Brief: Write out the lines from the top of the material through the line with "2-к квартира, вторичка, 42м2, 1/2 этаж", exactly and with nothing added.

+ + + + + + +

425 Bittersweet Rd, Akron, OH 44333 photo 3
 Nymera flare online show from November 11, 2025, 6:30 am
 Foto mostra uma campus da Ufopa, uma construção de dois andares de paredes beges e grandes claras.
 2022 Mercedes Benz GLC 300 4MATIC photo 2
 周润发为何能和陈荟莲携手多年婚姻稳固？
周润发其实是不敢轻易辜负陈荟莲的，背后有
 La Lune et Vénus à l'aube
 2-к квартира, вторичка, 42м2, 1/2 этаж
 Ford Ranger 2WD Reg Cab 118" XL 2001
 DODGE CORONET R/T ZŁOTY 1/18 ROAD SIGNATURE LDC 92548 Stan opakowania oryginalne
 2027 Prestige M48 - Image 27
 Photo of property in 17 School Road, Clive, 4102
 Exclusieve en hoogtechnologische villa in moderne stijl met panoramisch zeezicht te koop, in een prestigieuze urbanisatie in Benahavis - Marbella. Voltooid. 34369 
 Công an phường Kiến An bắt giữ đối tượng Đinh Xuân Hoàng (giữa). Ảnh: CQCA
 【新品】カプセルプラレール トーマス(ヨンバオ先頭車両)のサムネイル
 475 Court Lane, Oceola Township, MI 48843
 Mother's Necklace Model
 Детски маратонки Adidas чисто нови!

+ + + + + + +

The completed task:
425 Bittersweet Rd, Akron, OH 44333 photo 3
 Nymera flare online show from November 11, 2025, 6:30 am
 Foto mostra uma campus da Ufopa, uma construção de dois andares de paredes beges e grandes claras.
 2022 Mercedes Benz GLC 300 4MATIC photo 2
 周润发为何能和陈荟莲携手多年婚姻稳固？
周润发其实是不敢轻易辜负陈荟莲的，背后有
 La Lune et Vénus à l'aube
 2-к квартира, вторичка, 42м2, 1/2 этаж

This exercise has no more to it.